Tracy W 03.20.07 at 1:18 am

To give Havi Carel the respect of treating her as a person to be debated, I had a couple of thoughts on her article:

me approaching one of my colleagues smoking a fag at lunchtime and asking, amicably, in that faux-concerned tone, “So, how are you coping with your mortality? Do you often think about the fact that an average smoker your age has only another 10 years to go?”

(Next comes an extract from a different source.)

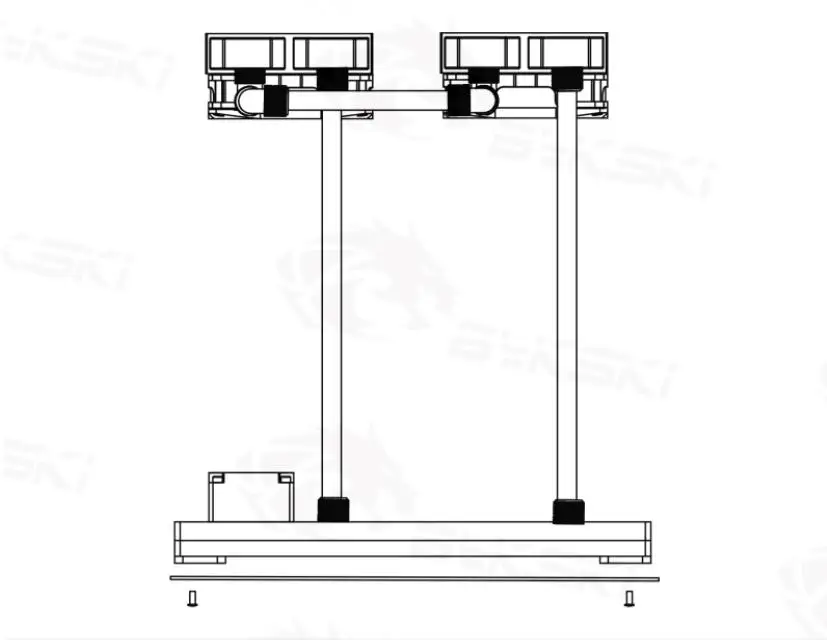 Bykski резервуар для воды для thermaltake TT уровень 20XT Cabnit, водо-охлаждающий резервуар, поддержка синхронизации материнской платы RGV-TT-LEVEL20XT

Apparently people do say similar things to people who smoke. I have never smoked, so I can’t say so personally, but many smokers do have stories of people not only making statements about how smoking is going to kill hem but snatching cigarettes out of mouths, etc. Some people say stupid things to people who go through anything – Miss Manners collects reports of such things as a foreign woman marrying a local being asked if she was doing it for the greencard. It doesn’t mean you’ve become a non-person, it means that some people don’t think before they ask questions and some people don’t realise what questions may sound like to the listener.

The Greek philosopher Epicurus argued that the fear of death was irrational. “Where death is, I am no longer,” he said, “and where I am, death is not.” So long as you are alive, death is nothing to you. And once you are dead, you are no longer there to feel anything, fear included. Life and death are mutually exclusive. If you think about it carefully, Epicurus said, you realise that what you are really afraid of is not death but dying, the pain of illness and decay. There is nothing to fear in death itself, because death is a state of non-existence. It is incoherent to say that you fear not existing.

This argument has never convinced me. I have thought about matters carefully and what scares me about death is that it means me not existing. I don’t see anything incoherent in fearing not existing. As long as I am alive, death does mean something to me.

I also fear pain and illness and decay, but this is separate from my fear of death. I’ve been through pain and I know that the anticipation of it is worse for me than the enduring of it. Non-existance is so final, and that is what makes me fear it.


magistra 03.20.07 at 3:11 pm

To be brutal, Carel’s article didn’t seem that different from the many other ‘I am writing this as I face death’ articles I have read. There has become a whole genre of this: John Diamond, Nick Clarke, Ruth Picard (?) etc. The philosophy angle (which is potentially interesting) doesn’t really connect to the personal observations, which are largely the old (if true) points about making the most of remaining life, changing priorities etc.